Tesco and Footasylum are using different techniques in a common aim this week – to get to know their customers better, and boost sales as a result. Tesco is doing that by offering its Clubcard customers lower prices on selected items in store, in a step that is already an example of personalisation that it says has never before been offered in a UK supermarket. As more people sign up for its Clubcard in order to benefit from those prices it will gain further insights into its customers’ behaviour both online and in-store.

Footasylum, meanwhile, is using machine-learning to understand its customers’ behaviour and make them the most relevant offers on products – and has gained ’outrageous’ results.

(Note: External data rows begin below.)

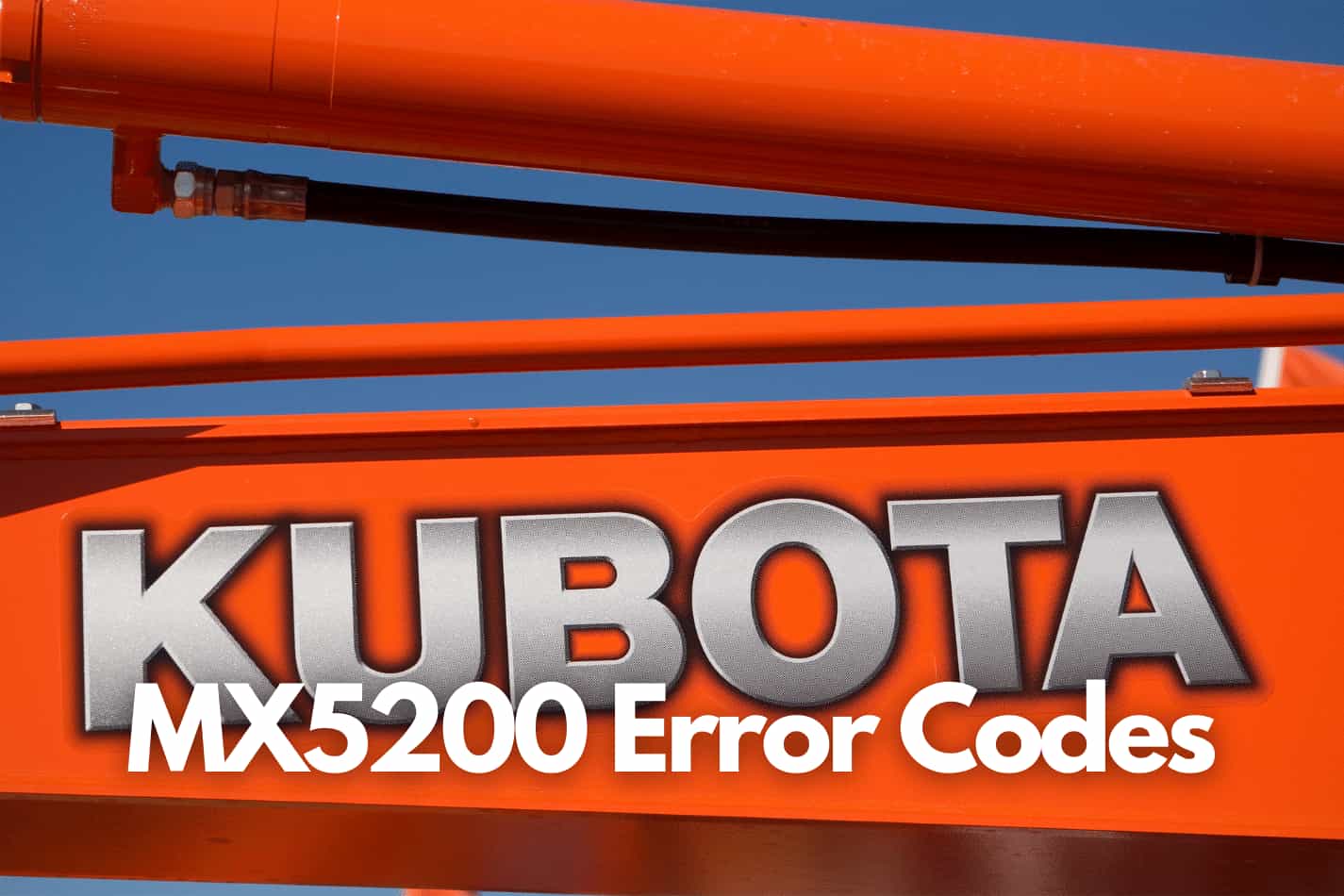 How to Fix Kubota MX5200 Error Codes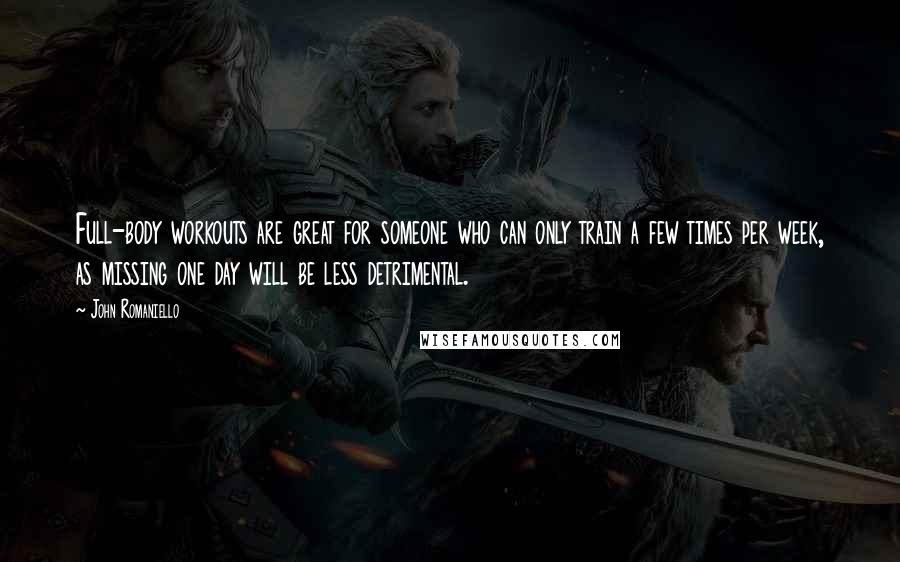 John Romaniello Quotes: Full-body workouts are great for someone who can only train a few times per week, as missing one day will be less detrimental.
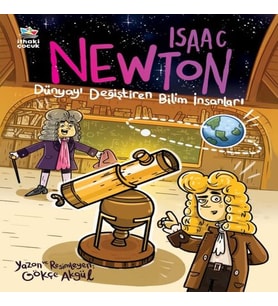 Isaac Newton - Dünyayı Değiştiren Bilim İnsanları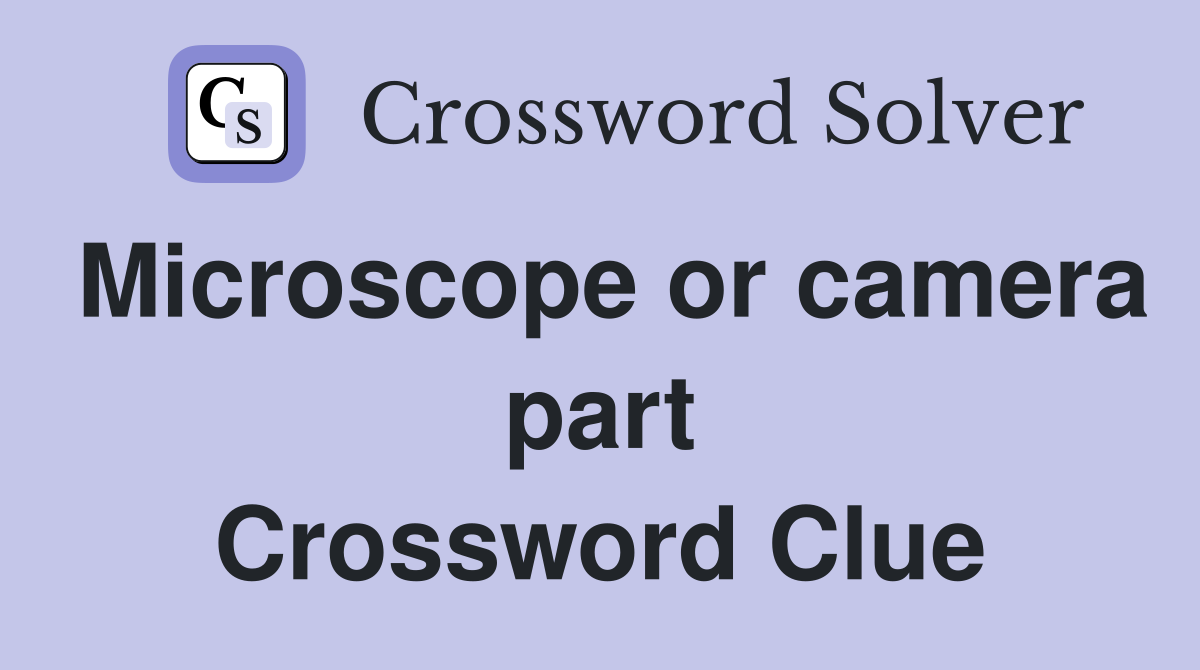 Microscope or camera part Crossword Clue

What both retailers have in common here is that their use of personalisation is set to extend to the store, giving insights into how shoppers use that channel and also, says Footasylum’s Tom Summerfield, enabling retailers to respond through localising their stores, and to ‘future proof’ both individual stores and the high street more generally. By understanding how shoppers want to use shop, he argues, retailers will better understand the important role that those shops play in their online and in-store sales.

New research, meanwhile, suggests that many customers find the way that connected devices including the home assistants that are used for voice ecommerce, ‘creepy’ – and a significant number are holding off buying them as a result. Clearly, there’s a line to be drawn between useful and creepy as retailers aim to understand their customers better. The most successful retailers will find, and respect, that line. 

We’re also reporting as Domino’s Pizza reports growth at home and online, if not abroad, and we cover a GlobalData study looking at how gift retailers might act now to make sure they are selling the gifts that shoppers currently buy from their local department store – but may not as those store numbers decline. 

Today’s guest comment comes from Michael Cross of Brightblue Consulting, who argues that offline advertising might help to revive retailers.